▶ [EXCERPTED DATA]:
--- START ---

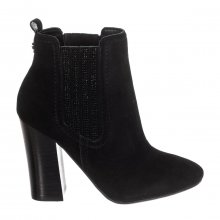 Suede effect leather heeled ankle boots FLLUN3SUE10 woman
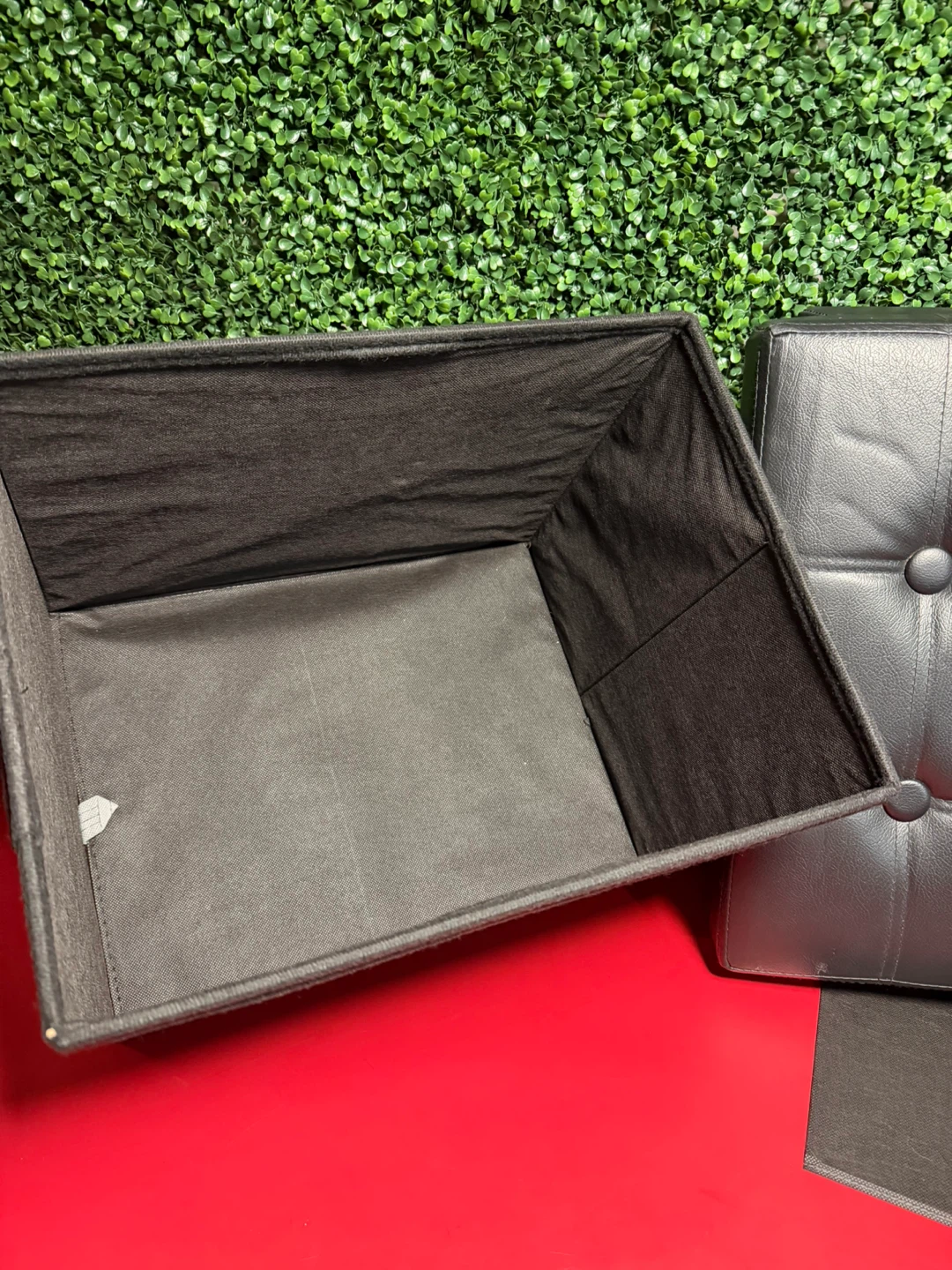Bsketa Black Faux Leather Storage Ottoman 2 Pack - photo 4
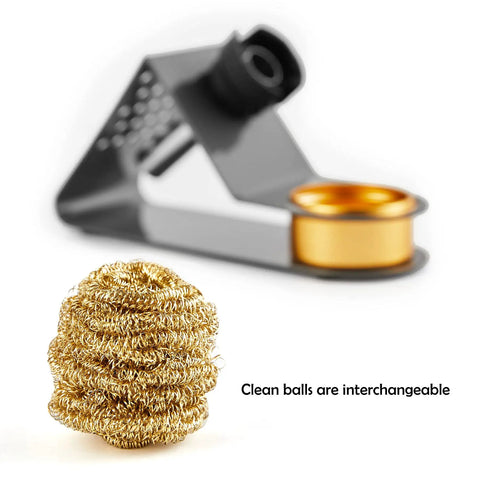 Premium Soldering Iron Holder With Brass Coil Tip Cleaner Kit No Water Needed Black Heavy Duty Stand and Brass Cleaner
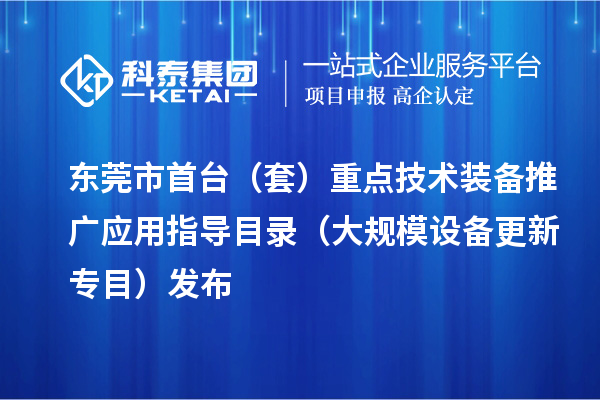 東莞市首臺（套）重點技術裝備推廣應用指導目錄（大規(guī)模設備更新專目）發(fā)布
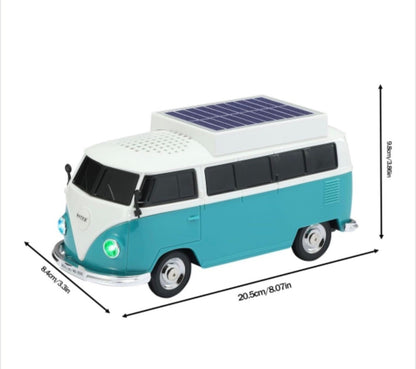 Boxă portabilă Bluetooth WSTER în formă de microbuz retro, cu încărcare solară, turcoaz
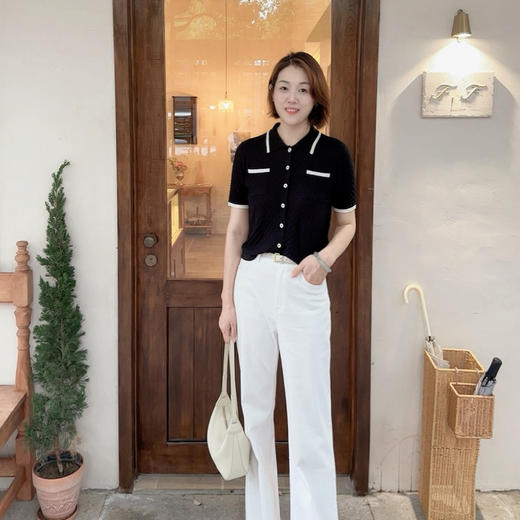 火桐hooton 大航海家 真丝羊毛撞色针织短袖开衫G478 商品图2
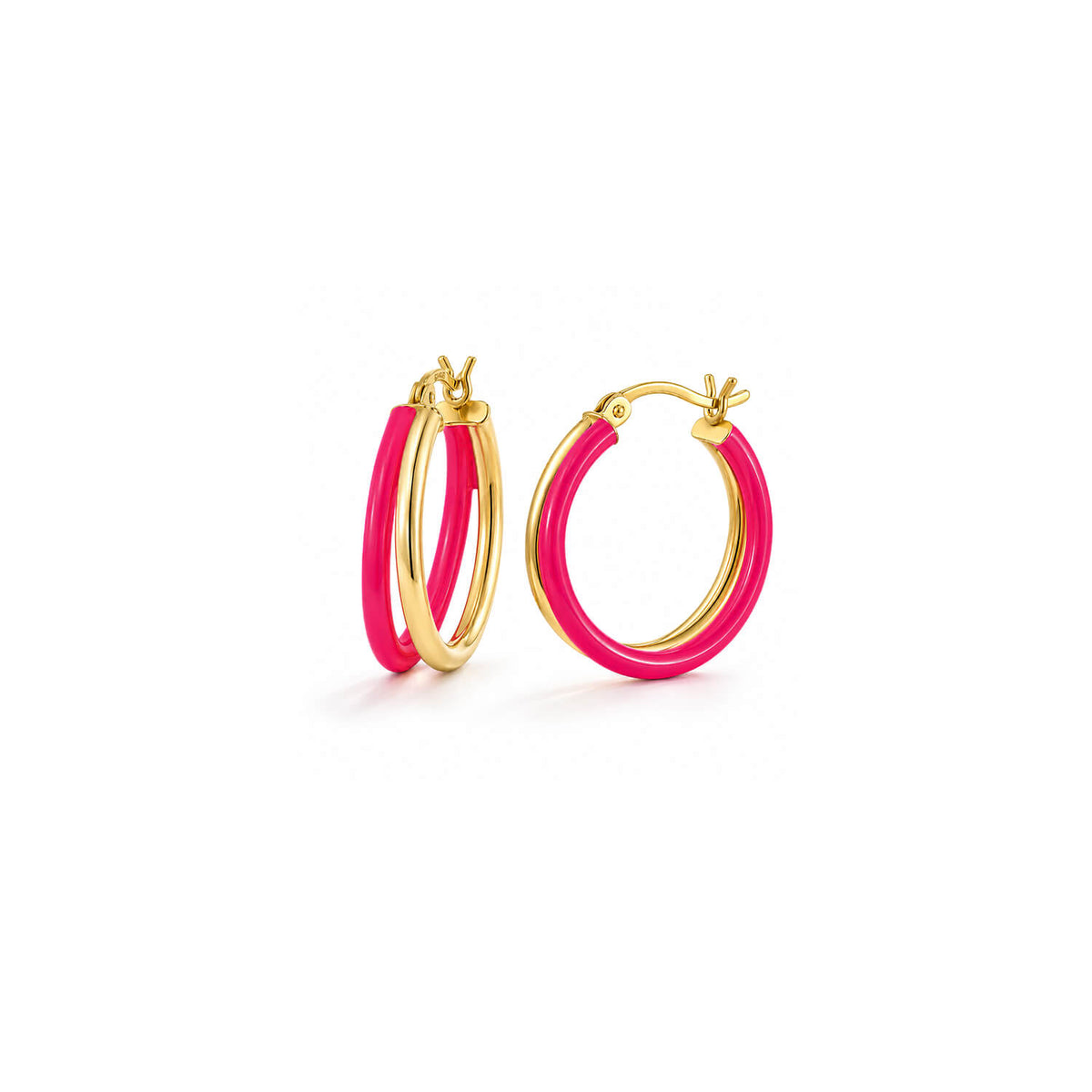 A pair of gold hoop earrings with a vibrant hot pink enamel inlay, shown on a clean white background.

--- END ---
--- START ---

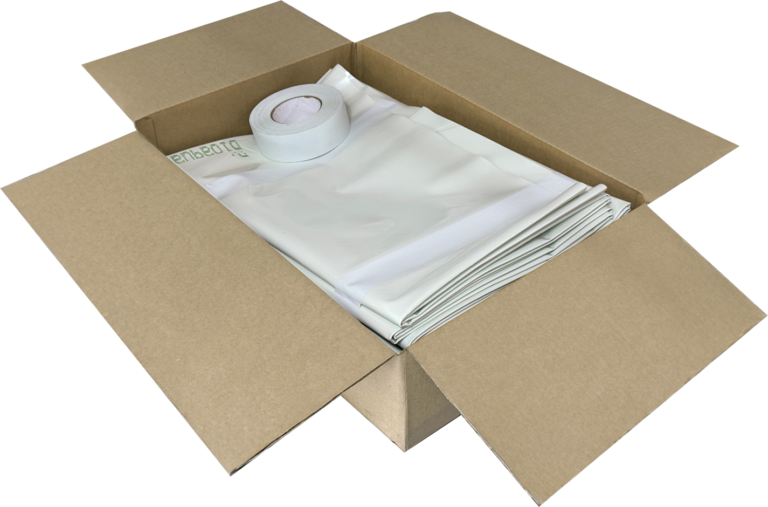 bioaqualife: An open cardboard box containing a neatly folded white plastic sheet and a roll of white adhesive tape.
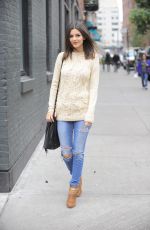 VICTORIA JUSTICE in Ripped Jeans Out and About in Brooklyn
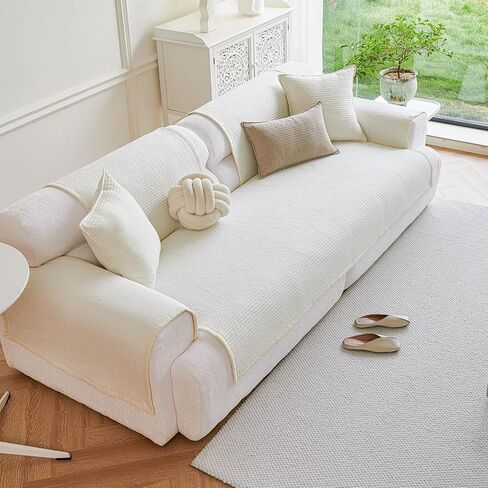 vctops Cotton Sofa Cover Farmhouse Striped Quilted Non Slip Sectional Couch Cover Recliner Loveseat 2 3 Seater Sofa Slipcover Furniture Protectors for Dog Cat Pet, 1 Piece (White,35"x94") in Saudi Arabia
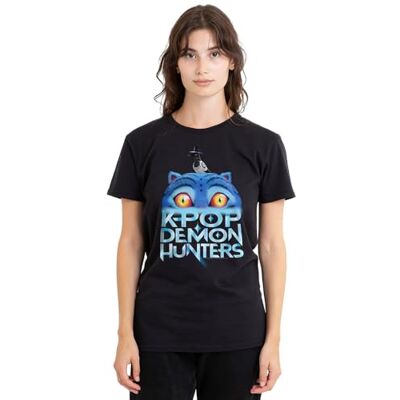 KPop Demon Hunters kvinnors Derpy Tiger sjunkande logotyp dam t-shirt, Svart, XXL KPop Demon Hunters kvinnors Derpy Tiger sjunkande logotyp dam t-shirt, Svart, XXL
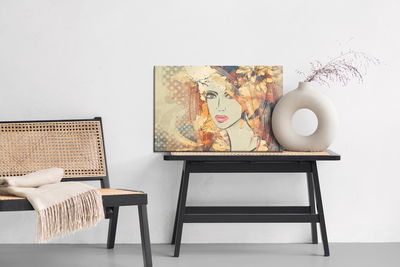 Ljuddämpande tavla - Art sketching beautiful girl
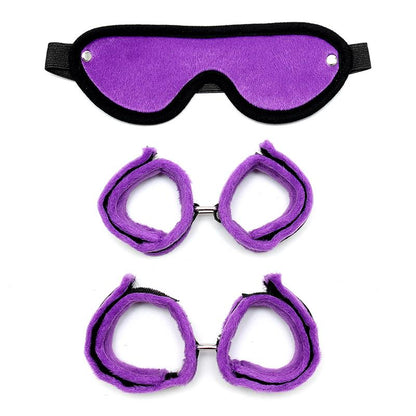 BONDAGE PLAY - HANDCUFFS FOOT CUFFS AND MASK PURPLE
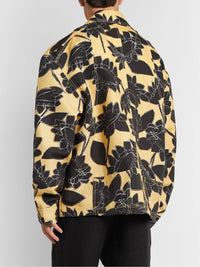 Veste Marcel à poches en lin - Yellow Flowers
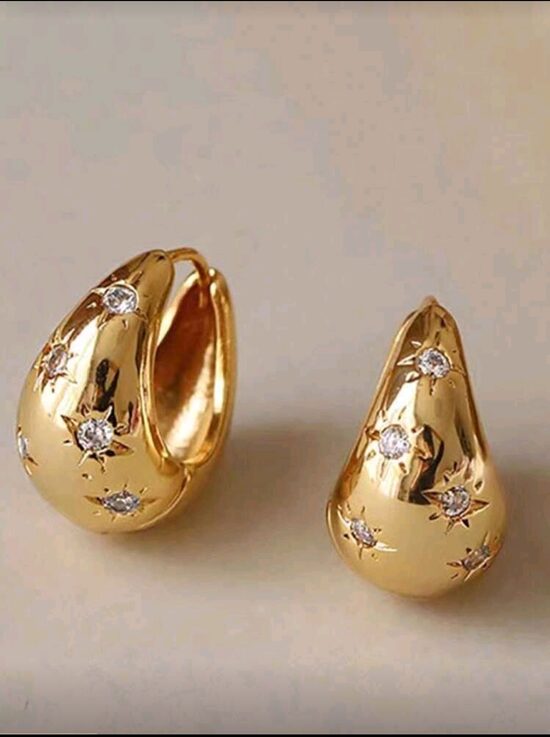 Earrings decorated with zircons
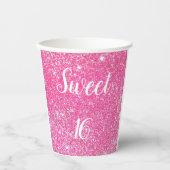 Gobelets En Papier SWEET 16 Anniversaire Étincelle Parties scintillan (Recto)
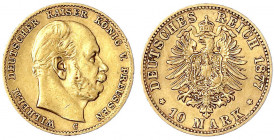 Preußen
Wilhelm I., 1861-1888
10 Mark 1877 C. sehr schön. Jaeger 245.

--- END ---
--- START ---

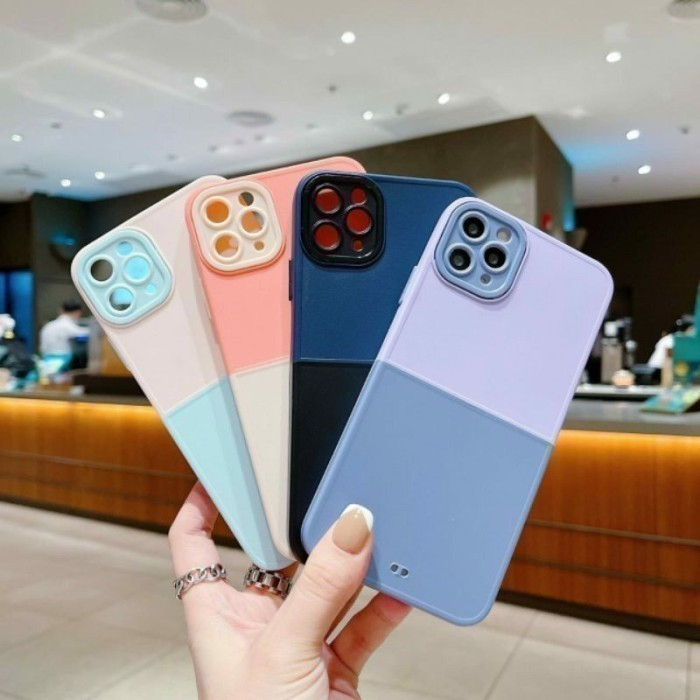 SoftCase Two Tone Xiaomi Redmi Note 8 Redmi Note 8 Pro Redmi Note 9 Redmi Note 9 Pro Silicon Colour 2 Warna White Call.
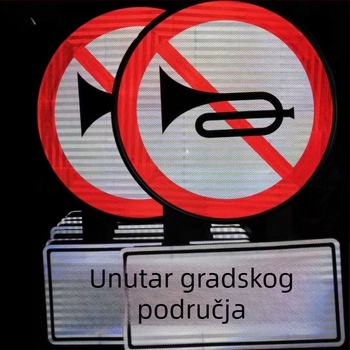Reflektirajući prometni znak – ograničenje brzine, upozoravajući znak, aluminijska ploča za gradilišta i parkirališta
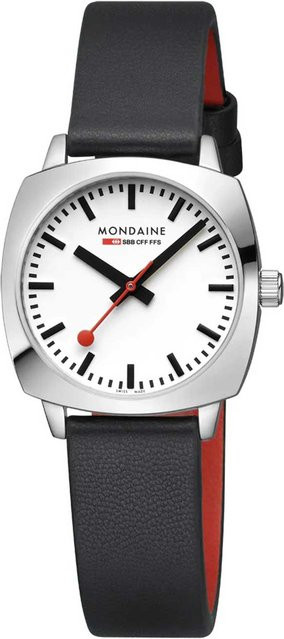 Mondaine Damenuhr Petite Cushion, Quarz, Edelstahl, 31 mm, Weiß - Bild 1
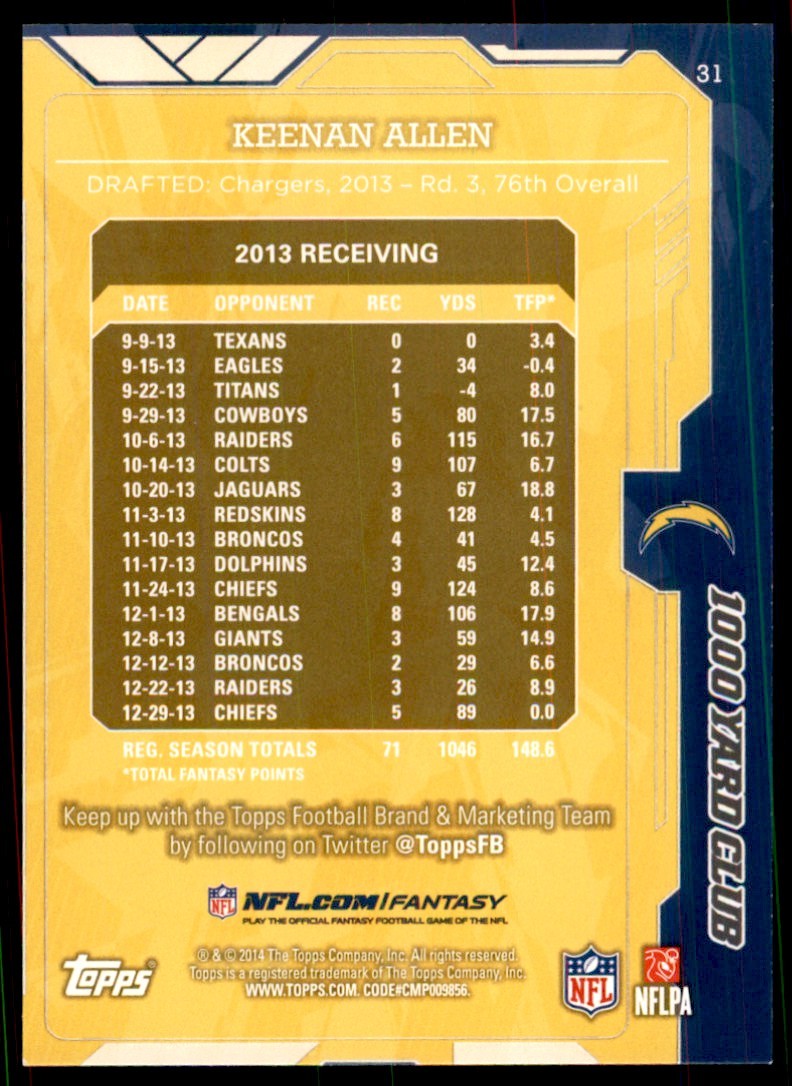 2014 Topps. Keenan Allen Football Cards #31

--- END ---

▶ [THE PROBLEM]: Using the records above, return word for word the lines that begin at the one containing "Suede effect leather" and end at the one containing "東莞市首臺（套）重點技術裝備", both of them included and no pictures.

▶ [EXERCISE ANSWER]:
 Suede effect leather heeled ankle boots FLLUN3SUE10 woman
Bsketa Black Faux Leather Storage Ottoman 2 Pack - photo 4
 Premium Soldering Iron Holder With Brass Coil Tip Cleaner Kit No Water Needed Black Heavy Duty Stand and Brass Cleaner
 東莞市首臺（套）重點技術裝備推廣應用指導目錄（大規(guī)模設備更新專目）發(fā)布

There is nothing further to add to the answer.